His initial plan to rescue the government’s finances from the effects of the financial crisis and subsequent recessions has been blown off-course by much slower than hoped for growth. The Office for Budget Responsibility has revised down its growth forecasts for the UK economy to 0.6% this year, 1.8% next year and 2.3% in 2015. That compares to predictions of 1.2%, 2% and 2.3% at the time of the Autumn Statement.
Mr Osborne did his best to point blame at slower than predicted trade with Europe when in fact many other factors are also at play, including his own austerity measures.
The Chancellor’s aspiration to maintain Britain’s AAA credit rating fell by the wayside earlier this year and his target date for national debt to begin falling will be missed.
He would like to do something about this. You can hear it in his voice when he talks about “public spending out of control” under the last Government and Britain’s “bloated” welfare system, but you just know he dares do nothing about it for fear of splitting the coalition.
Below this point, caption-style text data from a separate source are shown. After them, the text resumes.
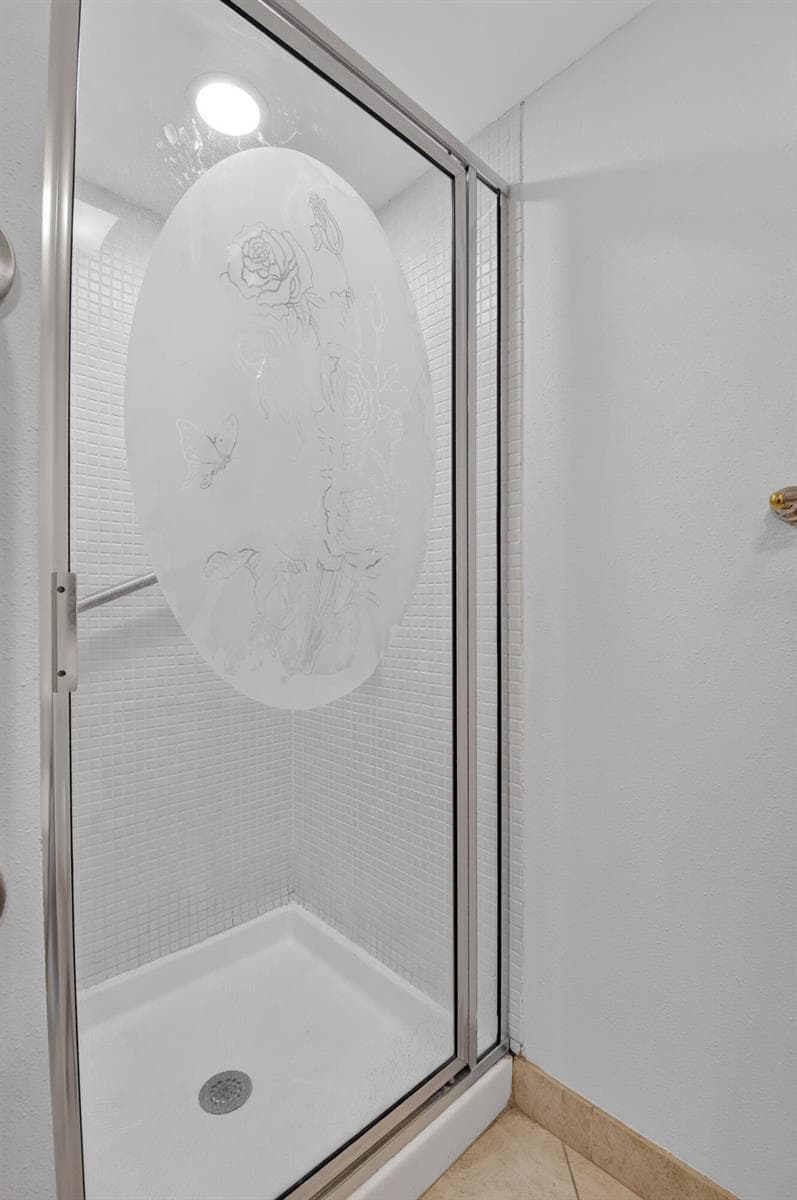449 MONACO J photo 15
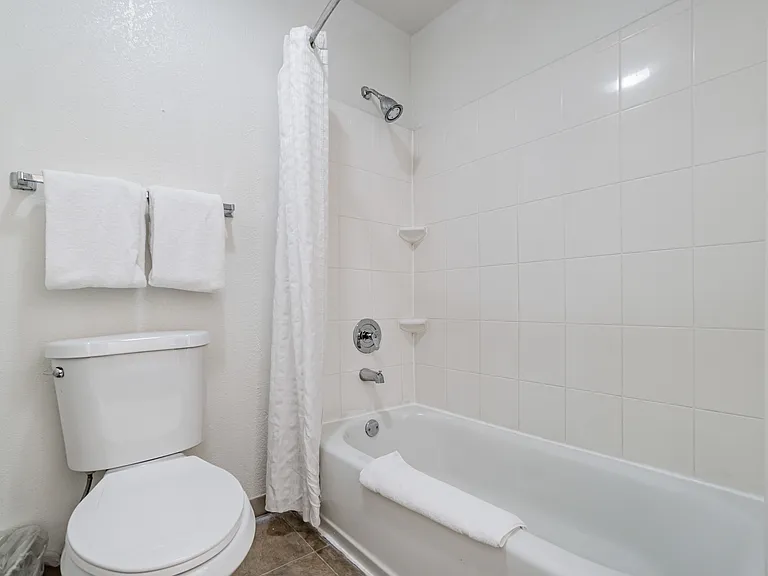 1212 NW 82nd Ave #814 — Photo 19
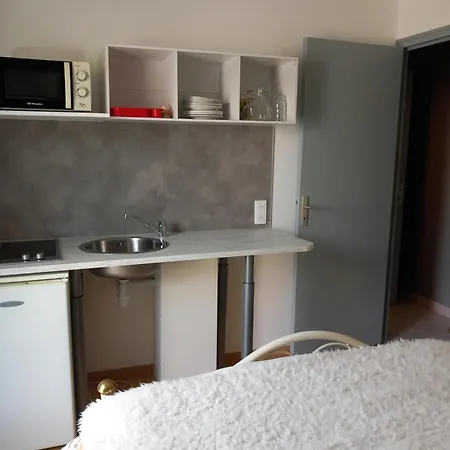 Apartment La De Carole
As a result, yesterday’s Budget speech offered no new ideas: just more of the same, at least when it comes to overall direction. The Government will seek to make £11.5bn of savings in the next spending round, but that is not really much different from the previous target of £10bn. The marginal degree of this change can be better understood when compared to total planned spending for 2015/16 of £754bn.
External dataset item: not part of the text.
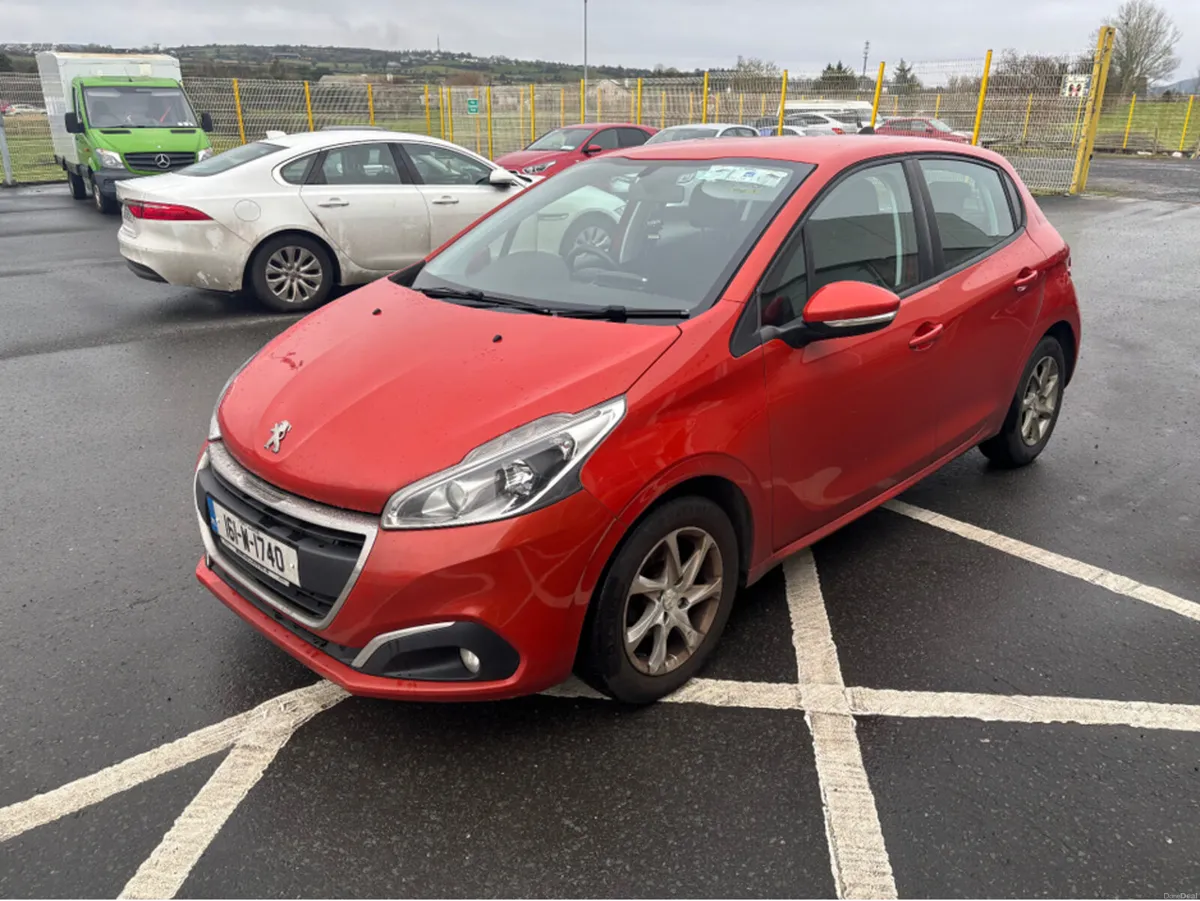 Peugeot 208 ACTIVE 1.2 4DR - Image 4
The Budget did, however, contain some laudable ideas. The plan to bring forward the proposed £142 a-week flat rate state pension is fair for people, mostly women, who have taken long periods of time out of work to bring up families. It was never right that they should be dependent on benefits to top up their retirement incomes, particularly during any period of widowhood.
Raising tax free allowances to £10,000 is an excellent way to redistribute the economic cake. It provides a genuine financial incentive to work.
The reduction of Corporation Tax to 20% sends out the right message to investors and those who wish to start businesses. The £2,000 Employment Allowance, which can be used to offset employers’ national insurance contributions, could also help increase the current surprisingly strong rate of jobs growth in Britain. Mr Osborne described this measure as the biggest tax cut in the Budget. May be, but its hardly a vote winner.
Nevertheless, the Chancellor is right to say, as he did when he was referring to plans to extend the restriction of public sector pay increases to 1% for a further year, that jobs preservation is a greater priority than pay rises.
One area that has been talked about a great deal is private sector funded infrastructure investment.
Along with housebuilding, infrastructure investment could provide some useful contribution to economic growth.
Cuts in Whitehall departmental budgets will be used to boost infrastructure spending by £3bn a year from 2015/16. While welcome, it sounds a small sum to me.
The measure to stimulate demand for newly built homes by the government lending homebuyers 20% of the cost of a house is half of a good idea. The problem is it won’t work unless the other half of idea is also implemented. As well as stimulating demand, the housebuilding sector needs supply-side support too, including loosening of planning restrictions.
Without doubt, Mr Osborne is unsure of his path, but any change of direction will only come in two years time ahead of the next General Election. In the meantime, we have to grin and bear it.